Nigeria spent 620 million dollars on the importation of raw sugar last year, the Executive Secretary of the National Sugar Development Council (NSDC), Dr Latif Busari, said in Abuja on Sunday.
Busari, who stated this at a forum of the News Agency of Nigeria (NAN), expressed regret that those who imported the raw material did not pay levies on more than 99 per cent of the imports.
The executive secretary, while noting that the country spent the average of 500 million dollars on sugar importation annually, said the bill might go up going by the demand for sugar.
“Right now we spend on the average, 500 million dollars in importing raw sugar; last year we spent actually about 620 million dollars importing raw sugar and going forward we believe it may go up a little bit, then it will start coming down.
“Because the demand for sugar according to our projection is going up a little bit, but then as it is going up we are putting in place measures to start local production.
“We believe that once we have all these investors in place and they start producing, as I said mainly from 2018, the import bill should start gradually reducing.’’
Busari expressed the hope that the country could save and use the money spent on sugar importation for economic development as soon as it started local production of sugar on the level that could achieve self-sufficiency.
He said levies were not paid on over 99 per cent of the sugar imported into the country because of waivers granted to importers by government.

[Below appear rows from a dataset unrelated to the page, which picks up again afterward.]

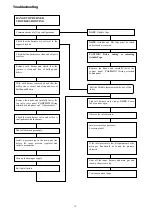 Предварительный просмотр 20 страницы THOR TR-0-G24F Assembly, Installation And Operation Instructions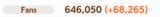 600thousanddicks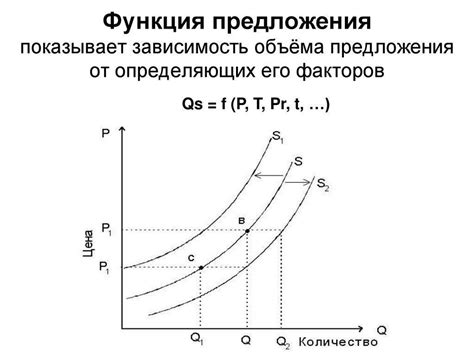 Функция и ее изменение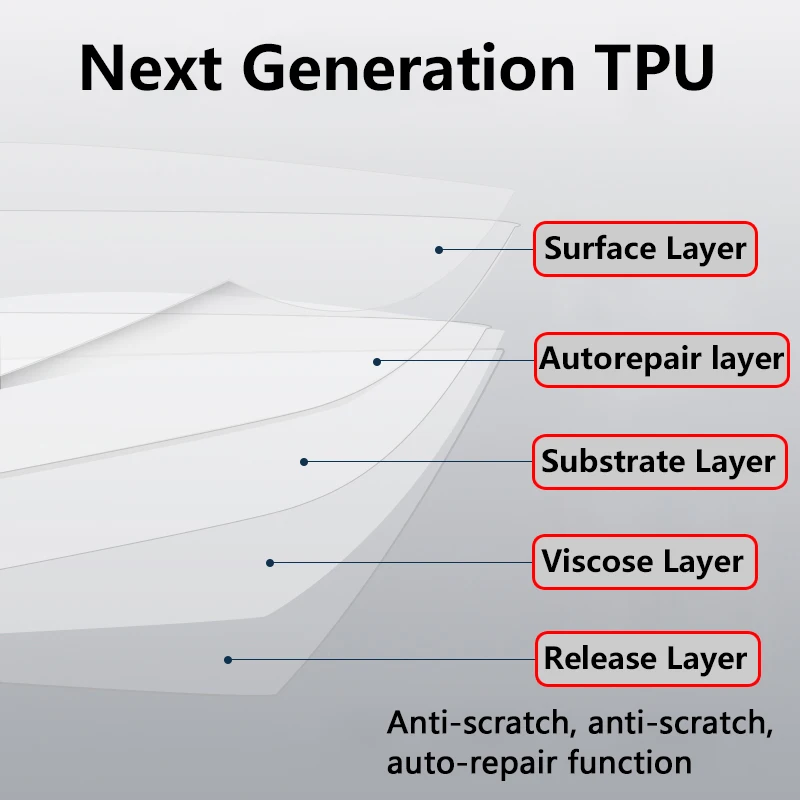 لفورد شارب وورلد 2019-2021 سيارة الداخلية مركز وحدة التحكم شفافة بولي TPU طبقة رقيقة واقية المضادة للخدش إصلاح فيلم الملحقات #5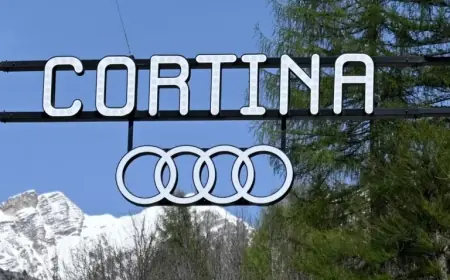 Winter Olympics 2026: Complete Daily Event Schedule Revealed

He said the law says that 10 per cent of the value of the raw sugar imported would be charged and that the money which is now called the Sugar Levy would be set aside for the development of the sector.

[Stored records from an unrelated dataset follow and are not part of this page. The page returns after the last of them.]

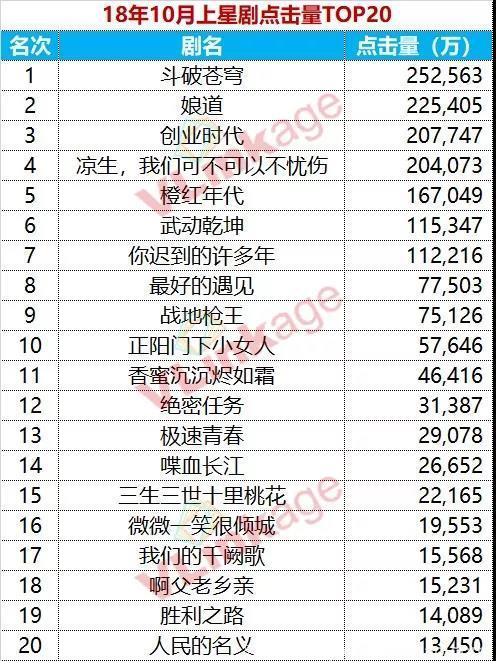 2018年10月电视剧播放量TOP20出炉~都看了哪些？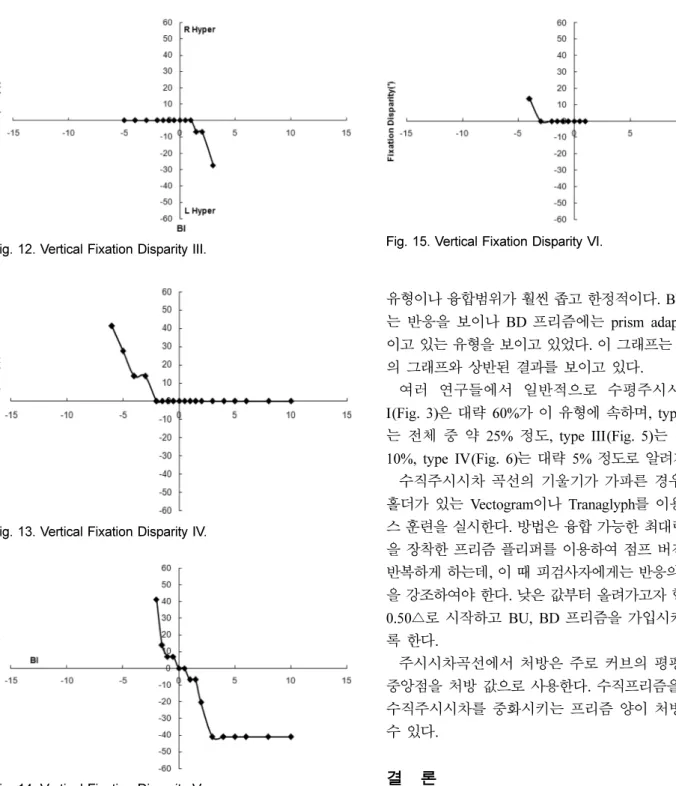 Fig. 12. Vertical Fixation Disparity III.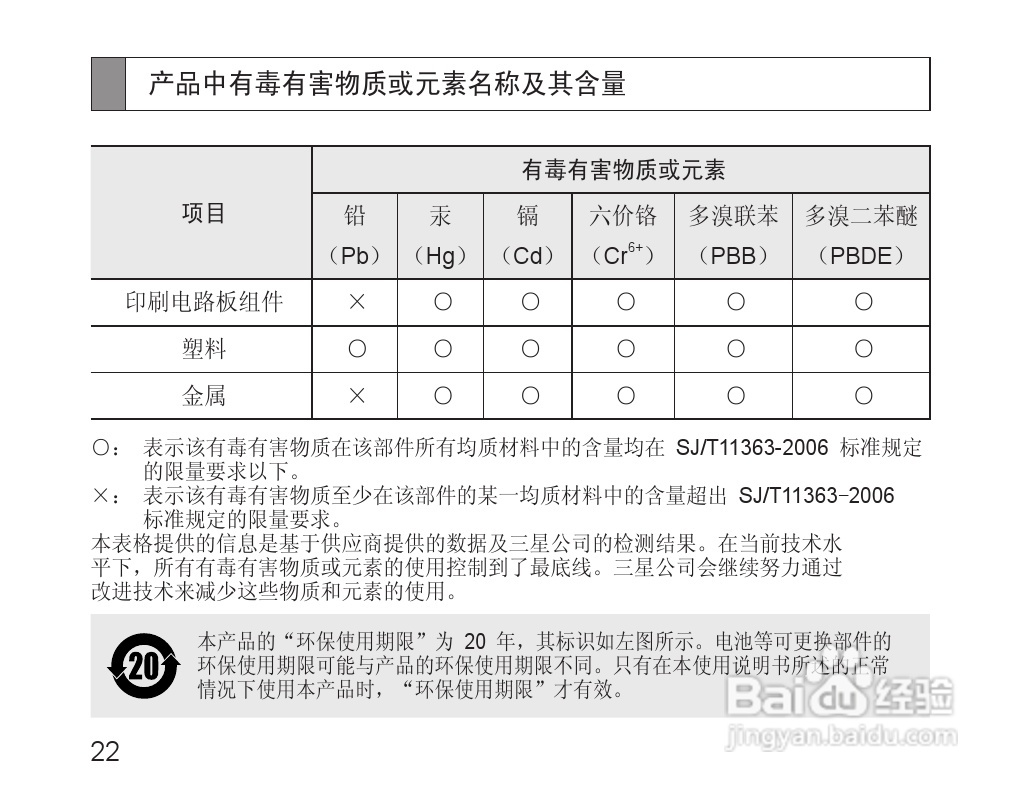 三星HM1600蓝牙耳机使用说明书:[3]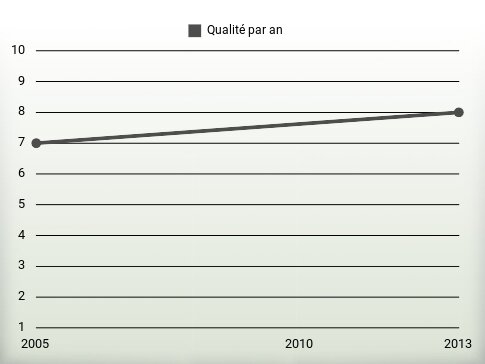 Qualité par an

“We operated that one for a few years, then came in the refineries. When the refineries came they approached the government and asked for a waiver on that levy,” he stressed.
He noted that when the waiver was granted, the country was importing about 900,000 tonnes out of which 400,000 tonnes was raw sugar and it was able to still get some money on the levy from refined sugar.
“But as today over 99 per cent of the sugar imported into this country comes in raw and they don’t pay levy. So you have a situation where even the money is no longer there.
“One of the things that the new master plan has done is to say `no’, this has to change because overtime they are making that money and they are not ploughing it back into local production and that is why government now says `no’, everybody pays.
“Although we now have a different objectives not only don’t we want to import raw sugar we want the refiners to go back to the field and start producing their raw sugar; we don’t even want importation of refined sugar.’’
Busari said the new National Sugar Master Plan placed a high tariff on sugar import.
“For instance, for raw sugar import, they will pay 10 per cent duty and 50 per cent levy and that is graduated upward over time.
“The duty remains at 10 per cent, but the levy is graduated from 50 per cent up to 80 per cent and for the refined sugar, the duty is 20 per cent, while the level is graduated from 60 per cent to 85 per cent.’’
Busari said the whole idea behind this was to discourage refined sugar importation and encourage local production.